◆ **What the task requires**: Your task is to copy all of the entries exactly as they are given.

▬▬▬▬▬▬▬▬▬▬

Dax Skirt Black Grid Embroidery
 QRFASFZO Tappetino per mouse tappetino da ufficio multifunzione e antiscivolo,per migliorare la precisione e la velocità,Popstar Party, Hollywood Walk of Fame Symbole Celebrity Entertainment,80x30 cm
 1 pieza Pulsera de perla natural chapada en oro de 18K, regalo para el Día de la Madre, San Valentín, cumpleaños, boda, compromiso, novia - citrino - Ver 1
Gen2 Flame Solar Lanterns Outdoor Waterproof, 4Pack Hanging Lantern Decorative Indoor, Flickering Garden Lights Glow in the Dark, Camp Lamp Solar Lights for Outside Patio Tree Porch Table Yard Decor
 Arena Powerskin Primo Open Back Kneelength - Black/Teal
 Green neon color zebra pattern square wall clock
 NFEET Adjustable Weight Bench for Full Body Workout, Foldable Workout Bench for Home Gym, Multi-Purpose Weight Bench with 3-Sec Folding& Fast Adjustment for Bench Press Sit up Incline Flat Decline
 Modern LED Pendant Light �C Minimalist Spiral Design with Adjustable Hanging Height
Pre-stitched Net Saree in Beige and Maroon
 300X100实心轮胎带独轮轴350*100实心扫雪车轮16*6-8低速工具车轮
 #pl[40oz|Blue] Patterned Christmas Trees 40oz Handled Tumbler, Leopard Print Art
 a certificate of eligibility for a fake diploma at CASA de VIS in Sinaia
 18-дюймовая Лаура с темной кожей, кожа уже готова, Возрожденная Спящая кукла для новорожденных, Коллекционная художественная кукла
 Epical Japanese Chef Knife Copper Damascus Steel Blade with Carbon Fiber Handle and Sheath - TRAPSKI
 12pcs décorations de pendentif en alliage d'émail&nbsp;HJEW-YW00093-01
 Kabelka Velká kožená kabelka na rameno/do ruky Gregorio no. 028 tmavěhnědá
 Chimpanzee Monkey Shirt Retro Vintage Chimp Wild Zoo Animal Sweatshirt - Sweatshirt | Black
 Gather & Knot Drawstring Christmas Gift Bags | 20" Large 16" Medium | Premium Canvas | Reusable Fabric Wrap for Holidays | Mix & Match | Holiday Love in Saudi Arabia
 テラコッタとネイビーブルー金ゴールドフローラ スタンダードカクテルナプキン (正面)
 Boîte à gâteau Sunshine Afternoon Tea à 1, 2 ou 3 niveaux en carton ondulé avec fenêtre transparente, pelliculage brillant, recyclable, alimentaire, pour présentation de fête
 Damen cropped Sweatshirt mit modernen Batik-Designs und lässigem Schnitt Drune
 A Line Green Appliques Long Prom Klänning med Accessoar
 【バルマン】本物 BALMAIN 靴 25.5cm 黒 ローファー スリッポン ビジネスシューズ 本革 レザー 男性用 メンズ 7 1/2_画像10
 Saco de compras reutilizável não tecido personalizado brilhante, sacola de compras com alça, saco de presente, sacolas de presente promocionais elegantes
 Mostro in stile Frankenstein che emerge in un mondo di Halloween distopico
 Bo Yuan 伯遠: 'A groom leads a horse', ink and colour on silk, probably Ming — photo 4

▬▬▬▬▬▬▬▬▬▬

◆ **Exercise solution**:
Dax Skirt Black Grid Embroidery
 QRFASFZO Tappetino per mouse tappetino da ufficio multifunzione e antiscivolo,per migliorare la precisione e la velocità,Popstar Party, Hollywood Walk of Fame Symbole Celebrity Entertainment,80x30 cm
 1 pieza Pulsera de perla natural chapada en oro de 18K, regalo para el Día de la Madre, San Valentín, cumpleaños, boda, compromiso, novia - citrino - Ver 1
Gen2 Flame Solar Lanterns Outdoor Waterproof, 4Pack Hanging Lantern Decorative Indoor, Flickering Garden Lights Glow in the Dark, Camp Lamp Solar Lights for Outside Patio Tree Porch Table Yard Decor
 Arena Powerskin Primo Open Back Kneelength - Black/Teal
 Green neon color zebra pattern square wall clock
 NFEET Adjustable Weight Bench for Full Body Workout, Foldable Workout Bench for Home Gym, Multi-Purpose Weight Bench with 3-Sec Folding& Fast Adjustment for Bench Press Sit up Incline Flat Decline
 Modern LED Pendant Light �C Minimalist Spiral Design with Adjustable Hanging Height
Pre-stitched Net Saree in Beige and Maroon
 300X100实心轮胎带独轮轴350*100实心扫雪车轮16*6-8低速工具车轮
 #pl[40oz|Blue] Patterned Christmas Trees 40oz Handled Tumbler, Leopard Print Art
 a certificate of eligibility for a fake diploma at CASA de VIS in Sinaia
 18-дюймовая Лаура с темной кожей, кожа уже готова, Возрожденная Спящая кукла для новорожденных, Коллекционная художественная кукла
 Epical Japanese Chef Knife Copper Damascus Steel Blade with Carbon Fiber Handle and Sheath - TRAPSKI
 12pcs décorations de pendentif en alliage d'émail&nbsp;HJEW-YW00093-01
 Kabelka Velká kožená kabelka na rameno/do ruky Gregorio no. 028 tmavěhnědá
 Chimpanzee Monkey Shirt Retro Vintage Chimp Wild Zoo Animal Sweatshirt - Sweatshirt | Black
 Gather & Knot Drawstring Christmas Gift Bags | 20" Large 16" Medium | Premium Canvas | Reusable Fabric Wrap for Holidays | Mix & Match | Holiday Love in Saudi Arabia
 テラコッタとネイビーブルー金ゴールドフローラ スタンダードカクテルナプキン (正面)
 Boîte à gâteau Sunshine Afternoon Tea à 1, 2 ou 3 niveaux en carton ondulé avec fenêtre transparente, pelliculage brillant, recyclable, alimentaire, pour présentation de fête
 Damen cropped Sweatshirt mit modernen Batik-Designs und lässigem Schnitt Drune
 A Line Green Appliques Long Prom Klänning med Accessoar
 【バルマン】本物 BALMAIN 靴 25.5cm 黒 ローファー スリッポン ビジネスシューズ 本革 レザー 男性用 メンズ 7 1/2_画像10
 Saco de compras reutilizável não tecido personalizado brilhante, sacola de compras com alça, saco de presente, sacolas de presente promocionais elegantes
 Mostro in stile Frankenstein che emerge in un mondo di Halloween distopico
 Bo Yuan 伯遠: 'A groom leads a horse', ink and colour on silk, probably Ming — photo 4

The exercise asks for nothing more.